Required work:
Copy only what lies from the line containing "Artisan Women's White" through the line containing "KLORANE Oat Milk" in the entries below, keeping both end lines exact and dropping every picture.

-------- Supplied material

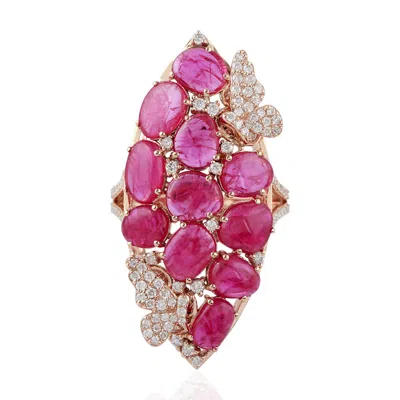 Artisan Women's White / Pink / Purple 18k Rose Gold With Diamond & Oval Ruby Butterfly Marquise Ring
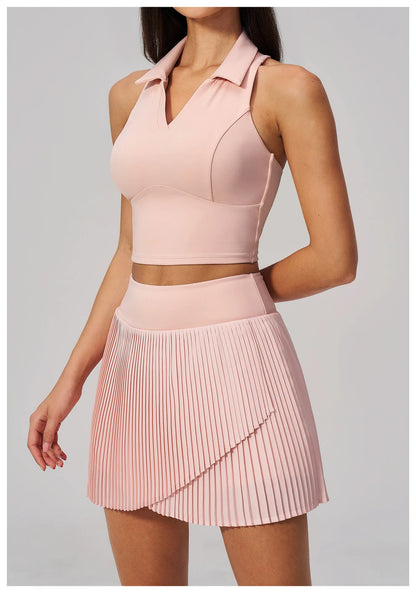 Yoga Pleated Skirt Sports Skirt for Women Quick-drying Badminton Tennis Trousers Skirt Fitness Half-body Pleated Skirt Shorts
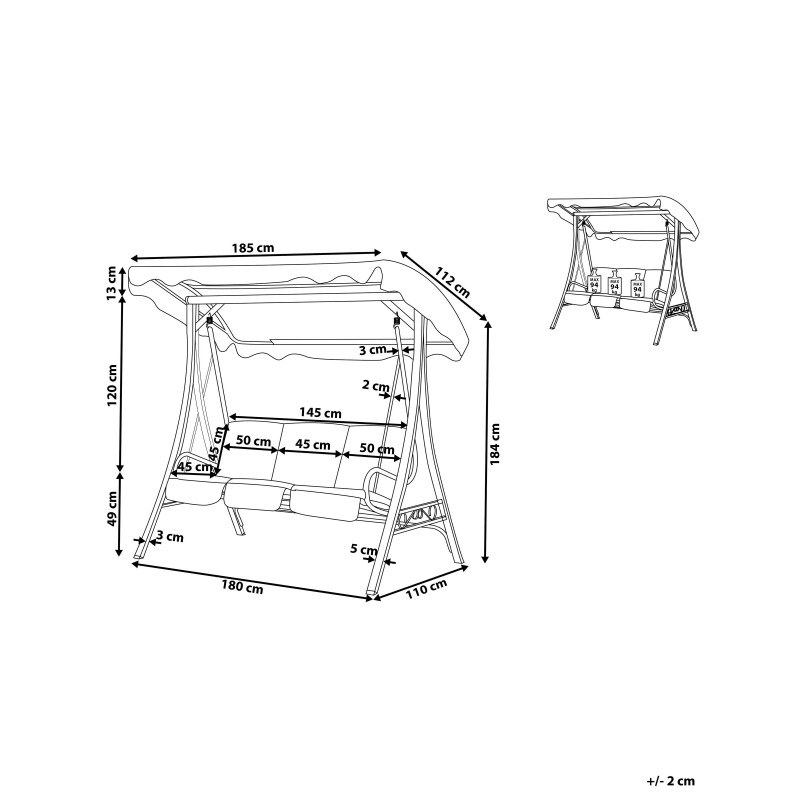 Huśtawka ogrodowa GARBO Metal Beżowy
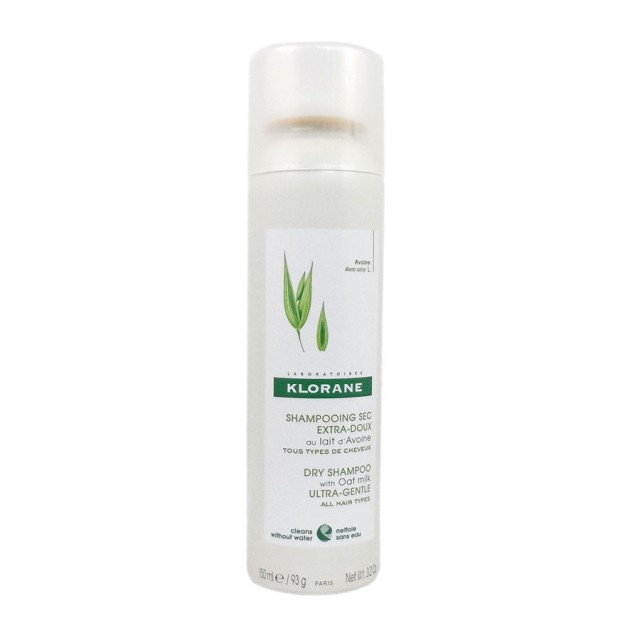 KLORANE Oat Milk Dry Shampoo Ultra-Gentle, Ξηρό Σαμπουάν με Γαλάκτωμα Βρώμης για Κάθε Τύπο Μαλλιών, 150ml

----------------
-------- Supplied material

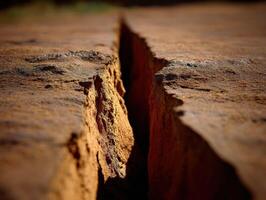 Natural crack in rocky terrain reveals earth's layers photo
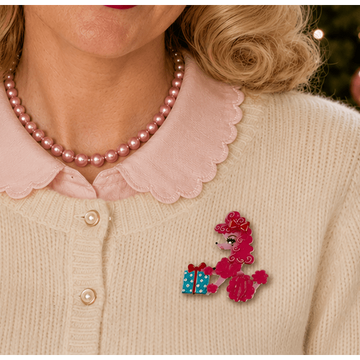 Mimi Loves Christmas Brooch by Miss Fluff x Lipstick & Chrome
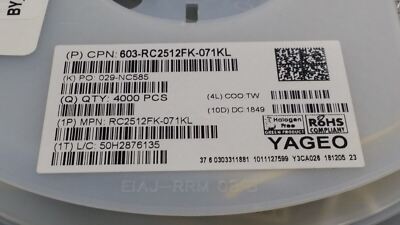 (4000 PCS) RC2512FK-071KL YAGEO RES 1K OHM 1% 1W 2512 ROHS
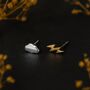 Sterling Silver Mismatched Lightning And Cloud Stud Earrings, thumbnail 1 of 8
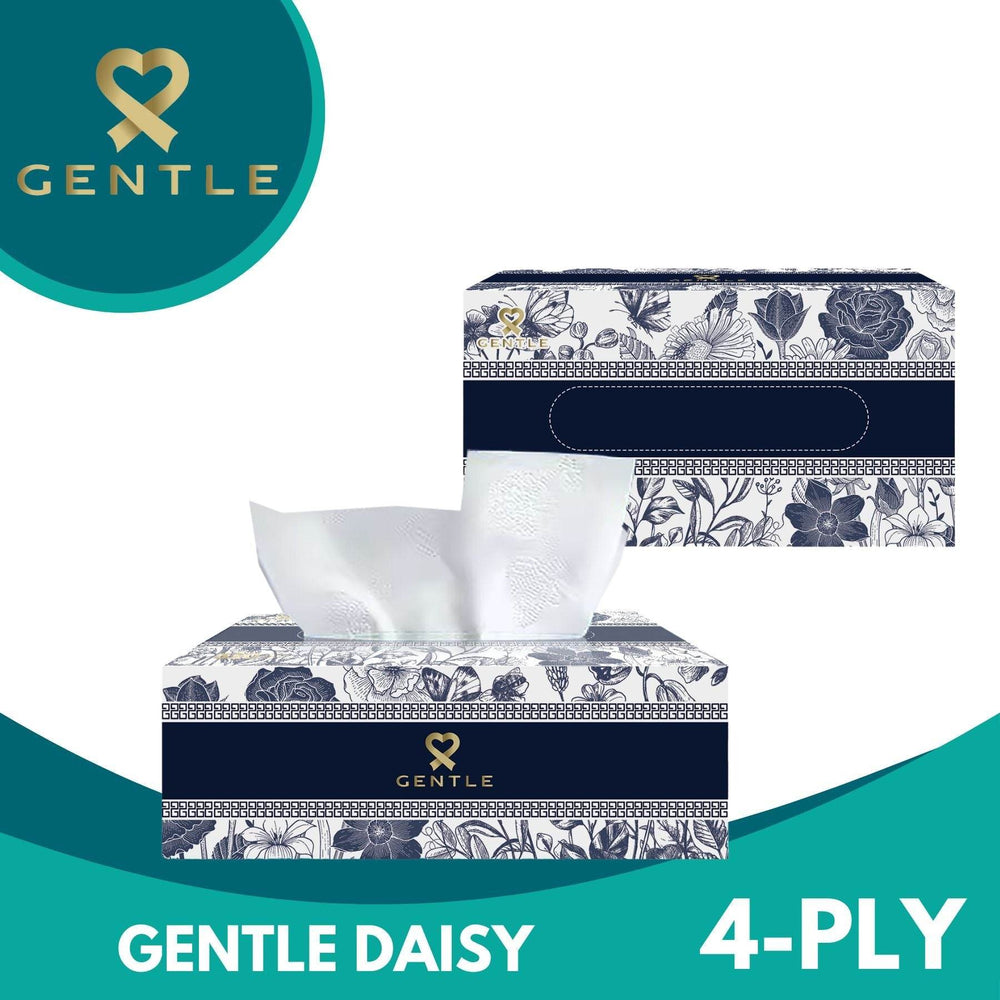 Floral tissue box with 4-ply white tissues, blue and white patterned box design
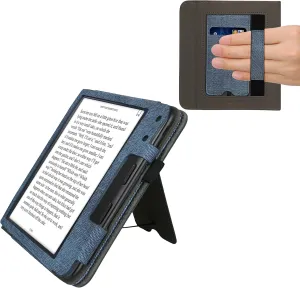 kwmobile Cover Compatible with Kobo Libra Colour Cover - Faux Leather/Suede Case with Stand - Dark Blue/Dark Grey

----------------

Exercise response:
 Artisan Women's White / Pink / Purple 18k Rose Gold With Diamond & Oval Ruby Butterfly Marquise Ring
 Yoga Pleated Skirt Sports Skirt for Women Quick-drying Badminton Tennis Trousers Skirt Fitness Half-body Pleated Skirt Shorts
 Huśtawka ogrodowa GARBO Metal Beżowy
 KLORANE Oat Milk Dry Shampoo Ultra-Gentle, Ξηρό Σαμπουάν με Γαλάκτωμα Βρώμης για Κάθε Τύπο Μαλλιών, 150ml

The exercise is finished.